|Title||Bioinformatics Approaches for Predicting Disordered Protein Motifs.|
|Publication Type||Journal Article|
|Year of Publication||2015|
|Authors||Bhowmick, P., M. Guharoy, and P. Tompa|
|Journal||Adv Exp Med Biol|
|Keywords||Algorithms, Amino Acid Motifs, Amino Acid Sequence, Computational Biology, Intrinsically Disordered Proteins, Molecular Sequence Data, Protein Conformation, Sequence Homology, Amino Acid|
Short, linear motifs (SLiMs) in proteins are functional microdomains consisting of contiguous residue segments along the protein sequence, typically not more than 10 consecutive amino acids in length with less than 5 defined positions. Many positions are 'degenerate' thus offering flexibility in terms of the amino acid types allowed at those positions. Their short length and degenerate nature confers evolutionary plasticity meaning that SLiMs often evolve convergently.

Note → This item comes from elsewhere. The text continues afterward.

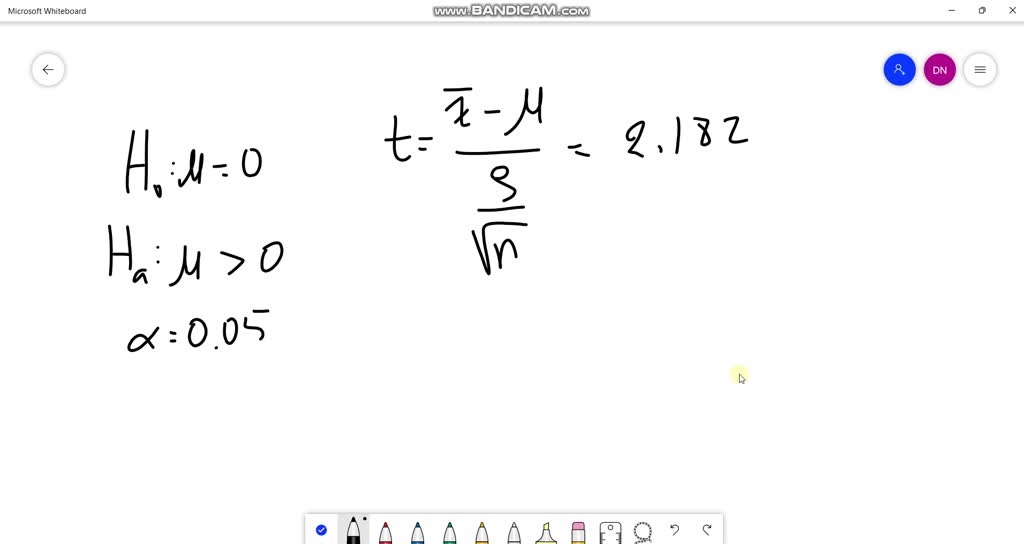 SOLVED A Manufacturer Wants To Compare The Number Of Defects On The solved-a-manufacturer-wants-to-compare-the-number-of-defects-on-the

Further, SLiMs have a propensity to occur within intrinsically unstructured protein segments and this confers versatile functionality to unstructured regions of the proteome. SLiMs mediate multiple types of protein interactions based on domain-peptide recognition and guide functions including posttranslational modifications, subcellular localization of proteins, and ligand binding. SLiMs thus behave as modular interaction units that confer versatility to protein function and SLiM-mediated interactions are increasingly being recognized as therapeutic targets. In this chapter we start with a brief description about the properties of SLiMs and their interactions and then move on to discuss algorithms and tools including several web-based methods that enable the discovery of novel SLiMs (de novo motif discovery) as well as the prediction of novel occurrences of known SLiMs. Both individual amino acid sequences as well as sets of protein sequences can be scanned using these methods to obtain statistically overrepresented sequence patterns. Lists of putatively functional SLiMs are then assembled based on parameters such as evolutionary sequence conservation, disorder scores, structural data, gene ontology terms and other contextual information that helps to assess the functional credibility or significance of these motifs. These bioinformatics methods should certainly guide experiments aimed at motif discovery.
|Alternate Journal||Adv. Exp. Med. Biol.|
Bioinformatics Approaches for Predicting Disordered Protein Motifs.